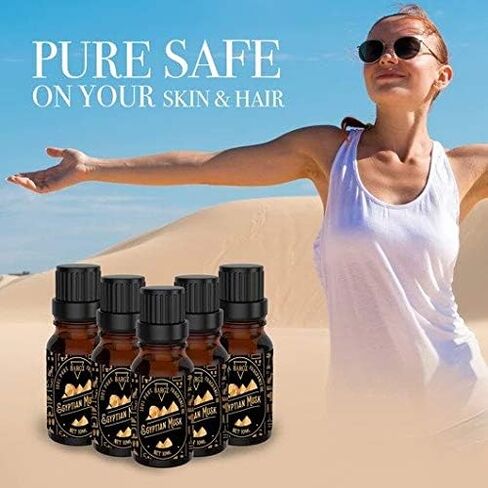 زيت المسك المصري [رائحة الاسترخاء] - زجاجة كهرمان زجاجية عضوية نقية وعلاجية فرنسية للموزع in Kuwait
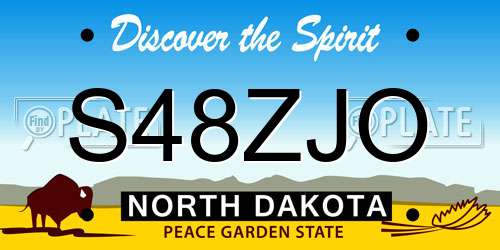 S48ZJO North Dakota License Plate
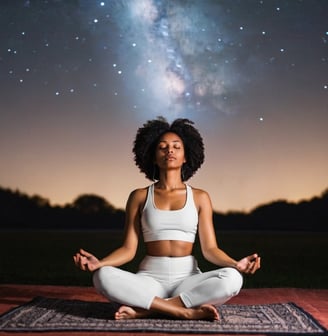 Image of a woman meditating beneath a starry sky.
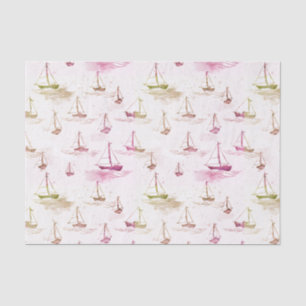 Papel De Seda Barcos à Vela Rosa Roxo Serenos no Padrão do Mar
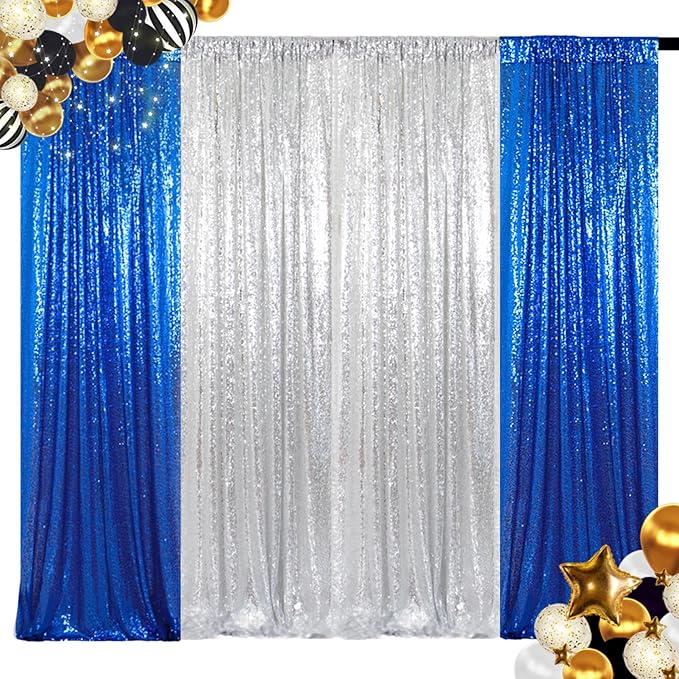 ShinyBeauty Silver and Blue Sequin Backdrop - Image 5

WHAT TO PRODUCE: Write out the entries above word for word. Do not include the pictures.

TASK RESULT:
 زيت المسك المصري [رائحة الاسترخاء] - زجاجة كهرمان زجاجية عضوية نقية وعلاجية فرنسية للموزع in Kuwait
 S48ZJO North Dakota License Plate
 Image of a woman meditating beneath a starry sky.
 Papel De Seda Barcos à Vela Rosa Roxo Serenos no Padrão do Mar
 ShinyBeauty Silver and Blue Sequin Backdrop - Image 5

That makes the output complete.